Ovvero, che tu lo voglia o no, ti trovi ad immaginare veri e propri film porno in cui i protagonisti e -soprattutto- le protagoniste sono persone con cui hai parlato dieci minuti prima. Meglio non dare subito Aurora in pasto allo squalo. Meglio restare sul vago.
Il problema è che lo squalo ormai ha capito tutto.
«Aah, vuoi fare il vago con me?» dice risoluto, e aggiunge «So io come farti parlare!» con lo sguardo che gli luccica.
Si ficca una mano nella tasca dei jeans e sorridendo ne tira fuori un piccolo involucro di carta d’alluminio. E Jacopo, capendo immediatamente di che si tratta, sa già che parlerà. Oh se parlerà. Lo squalo avrà la sua preda!
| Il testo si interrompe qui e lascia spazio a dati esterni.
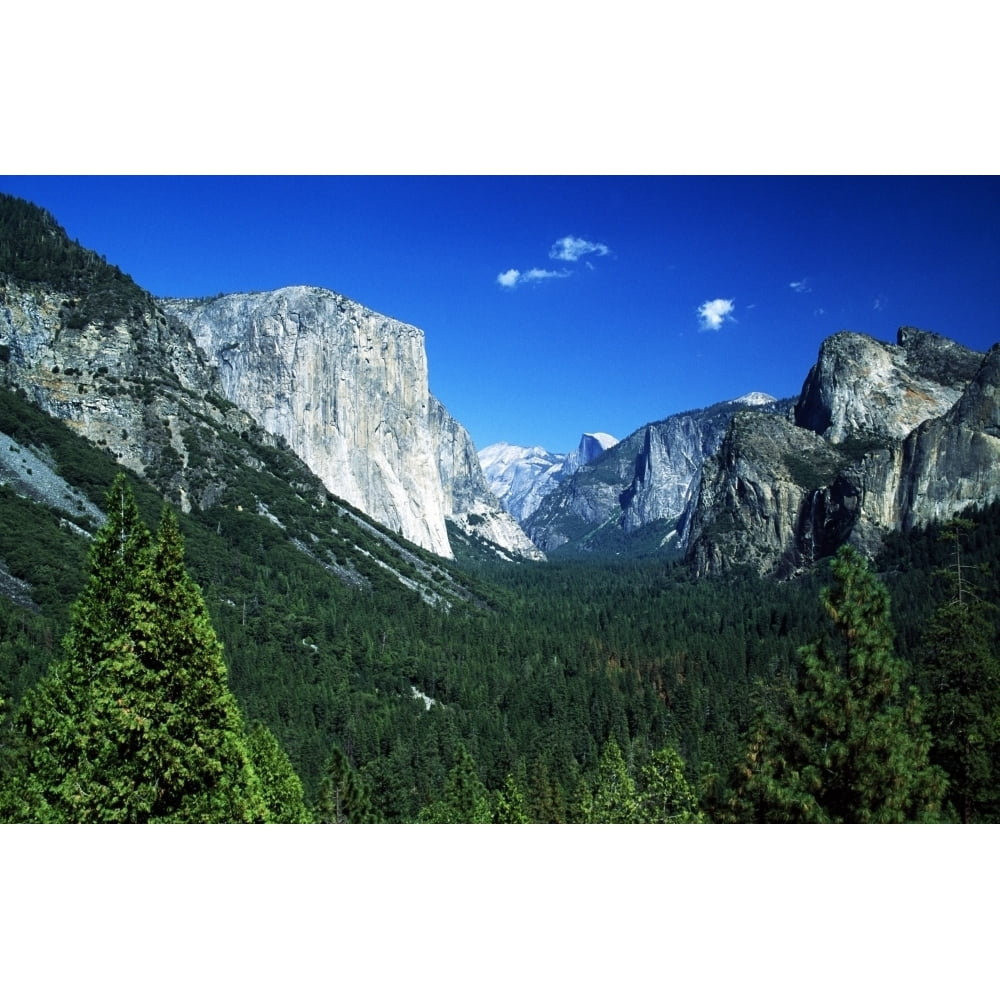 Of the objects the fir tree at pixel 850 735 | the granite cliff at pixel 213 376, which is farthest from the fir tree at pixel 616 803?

«Un regalino di Ale! Che a proposito, ti manda a salutare. Ora tira fuori una cartina da quella bolgia di libreria e fammi un filtro» dice Martino, mentre si china a sminuzzare con le dita l’erba verde e odorosa.
…dieci minuti dopo…
I due se ne stanno distesi sul letto di Jacopo a guardare il soffitto come se fosse la volta celeste.
«Ha i capelli castani, lisci. E la pelle scura» dice Jacopo sognante, mentre fotografie di Aurora vengono proiettate sulla parete frontale del suo cranio.
«Poi?» lo esorta Martino.
«E poi ha delle belle labbra…» continua il nostro, chiedendosi che sapore avranno.
«Uuuh…chissà se è brava a…» dice Martino, dando un tiro alla canna.
«…e un sorriso incredibile.» lo interrompe Jacopo prima che Martino possa andare oltre.
«E ha gli occhi da gatta, azzurri! E un naso perfetto..!» dice.
«Tu sei sempre stato fissato col naso…perché poi…» dice Martino quasi pensando ad alta voce.
«E’ il centro del viso, è chiaro. Domina su tutto il resto. E’ chiaro che ci faccio caso: è là, al centro…» dice il nostro disegnando nell’aria un viso e un naso con gesti lenti delle mani.
«Ma vuoi mettere una che ha un un bel culo con una che ha un bel naso?!?»
«Quanto sei materialista!E comunque è ovvio che ha anche un bel culo! Per chi mi hai preso? Per uno che sveglia gli amici e smercia appunti per niente?!?» si infervora Jacopo, togliendogli la canna di mano.
«Ah, non ho dubitato un solo attimo del tuo buon gusto…» risponde Martino grattandosi lentamente un occhio con la mano appena liberata. Aveva dimenticato di averne un’altra, abbandonata sulla pancia.
«Eh beh...» dice solo il nostro, tirando dalla canna l’ultimo tiro e spegnendola nel posacenere sul comodino.
Un ultimo gesto, prima del silenzio.
Due minuti di assoluta quiete, fatti di pensieri che sbocciano uno dietro l’altro nelle teste dei nostri eroi.
«In definitiva… questa te la dà o no?» dice Martino rompendo all’improvviso il silenzio, girando la testa verso Jacopo.
«Non credo!» risponde Jacopo, iniziando a ridere come un pazzo, seguito a ruota da Martino.